Admite que algunos números le producen escalofríos de excitación y placer, otros le incomodan y le irritan cuando no se ajustan a su manera de sentirlos por ejemplo, cuando observa un anuncio en el que un número que para él es azul aparece en otro color. Daniel considera que son los números y no la lengua materna su primer lenguaje, con el que suele pensar y sentir.

Las dificultades extremas con las que tuvo que lidiar demuestran el grado de desamparo frente a la angustia que padece alguien cuando no dispone de un diccionario interpretativo para responder a la realidad mediante el sentido. El lenguaje aparece en su dimensión real, no simbolizada: lo que parecía afectarme tanto era lo inesperado del sonido. Ello implica que la relación al otro es amenazante, inquietante, y el sujeto debe refugiarse en defensas extremas para resolver situaciones aparentemente sencillas de la vida diaria.

Aprender en clase no me resultaba fácil. Tenía dificultades para concentrarme cuando otros niños hablaban de sí mismos o cuando alguien andaba o corría por los pasillos. Me resultaba muy difícil filtrar el ruido externo y solía taparme los oídos con los dedos para concentrarme. El esfuerzo titánico para permanecer vinculado no respondía a razones de orgullo o reconocimiento, sino a la insondable decisión de encontrar su sitio: nunca me preocupó que la profesora pudiera considerarme perezoso o inútil y nunca se me pasó por la cabeza lo que los demás niños pensasen al respecto.

Gracias a una tenacidad incomparable, construyó un mundo en el que ha conseguido inscribir su individualidad a partir de un uso particular de lo simbólico con el que supo resolver el problema del goce de una manera singular; con esa apoyatura construyó el Otro y los otros. Daniel Tamet llevó a cabo un autotratamiento del gran problema de la vida.

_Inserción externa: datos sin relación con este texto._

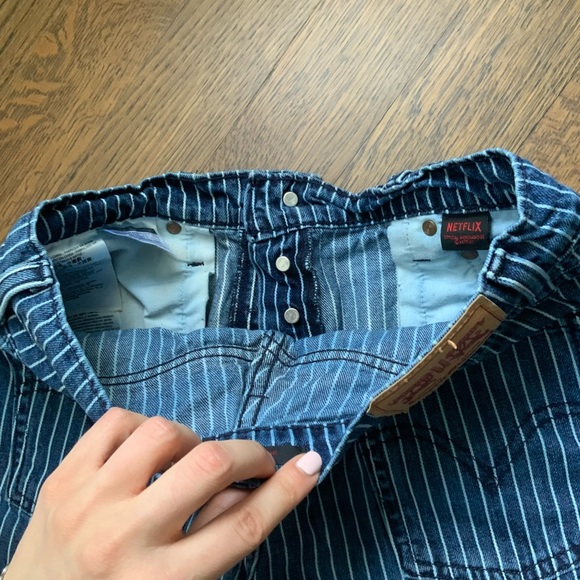 LEVI'S® X STRANGER THINGS Ribcage Denim Shorts Pinstripe Blue Size 28 Women’s - Picture 11 of 16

No se trata de un funcionamiento extraño del cerebro sino de un uso peculiar del lenguaje como medio de goce, lo que llamamos el sínthoma. El psicoanálisis hace posible que estas soluciones de la subjetividad no sean tan escasas y extraordinarias, que ellas sean más accesibles y que, en menor tiempo, con menos trabajo y sufrimiento, se pueda alcanzar su operatividad. El dispositivo analítico toma en cuenta esta dimensión real del inconsciente que no se vincula a su desciframiento sino a un uso lógico que le permite funcionar como sostén de la subjetividad. Este descubrimiento lacaniano constituye la mayor novedad respecto al inconsciente freudiano, del que Freud mismo tuvo una intuición cuando afirmó que en el inconsciente está formado por restos de cosas vistas y oídas. Lo que Lacan, en la Conferencia sobre el síntoma dice de este modo, poético: en el mar del lenguaje somos sumergidos y en él escogemos unas maderitas a las que nos aferramos para no sucumbir.

* Conferencia pronunciada en el NUCEP-Madrid, en el ciclo EL PSICOANÁLISIS EN LA ÉPOCA DE LA GLOBALIZACION.